WHAT SETS THIS REGION APART

The Asian label market is unique because its size and its diversity. Because of the number of countries in the region, it can be very difficult to pinpoint industry standards that are consistent throughout the region. According to Yael Barak, packaging segment manager of strategic marketing at HP, there are significant differences in print quality, labeling and packaging standards, labor costs and run lengths between countries.

"The common thread in almost all Asian countries, though, is that the market is highly sensitive to production cost," Barak says. "That is probably the primary obstacle in the overall adoption of digital technology. That being said, it is a fast-evolving region with a quickly developing middle class. 'What we are facing right now is the struggle to change the mindset of printers and brand owners toward creating higher value applications, enhancing product image and/or creating differentiation to better engage and retain consumer interest."

HP has been involved in the Asian label and packaging market for more than a decade.
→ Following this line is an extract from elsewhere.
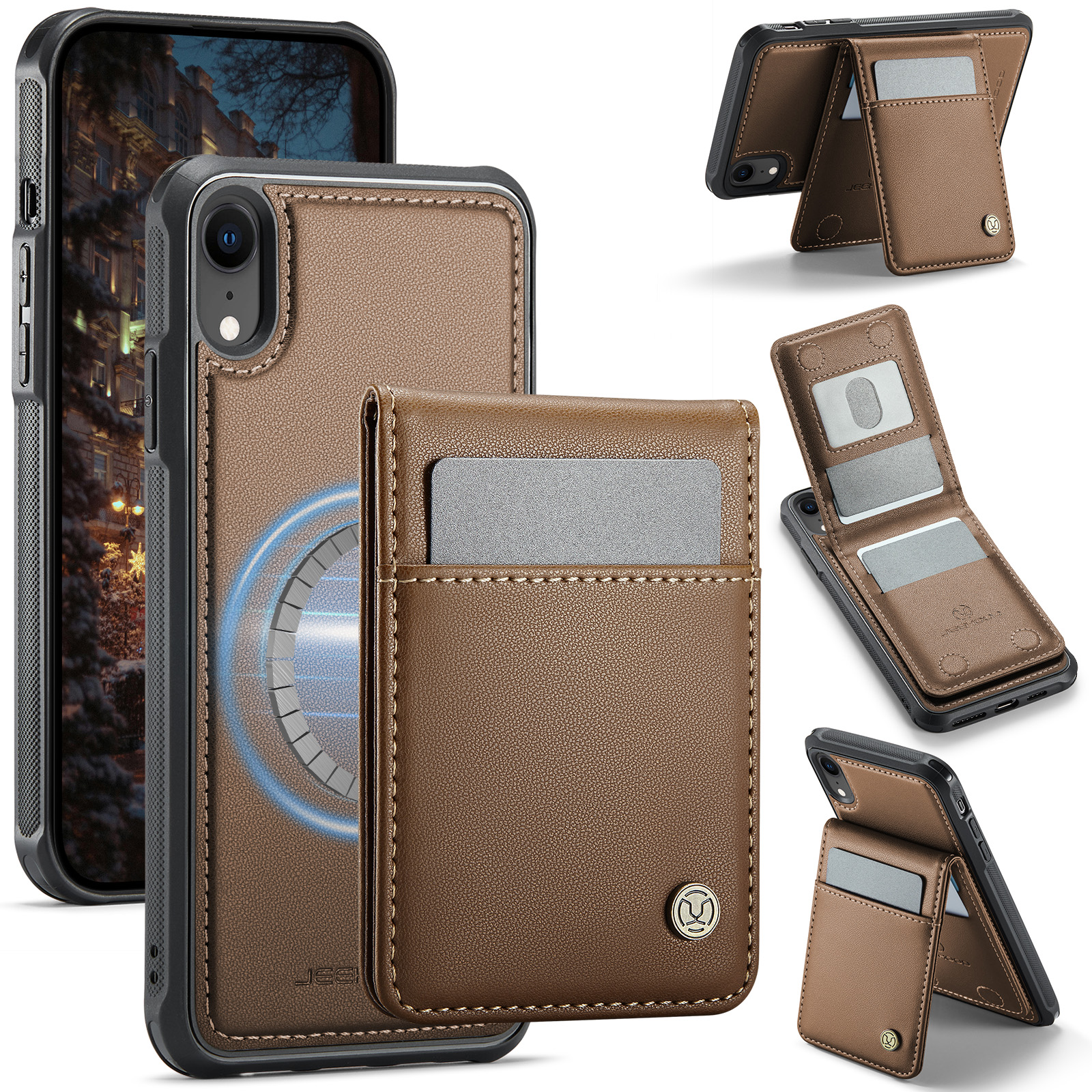 For iPhone XR 6.1 inch Leather Back Cover Compatible with MagSafe JEEHOOD J06 Phone Case with Card Bag RFID Blocking - Brown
Barak says that HP has seen a lot of success with its Indigo printers in two of the main areas of the market: glue-applied labels and specialty labels. He attributes this success to the need for variable content and unique designs, as well as the need to address price-sensitive and volume-based print runs.

"In the past two to three years," he says, "we've experienced significant growth and more installations in the mainstream labels and packaging market."

He adds, "There is still a lot of variance in the region, SO printing methods vary from market to market. However, there is a growing acceptance of digital technology across the board, specifically with HP Indigo printers as the quality meets and exceeds brand standards. We have also...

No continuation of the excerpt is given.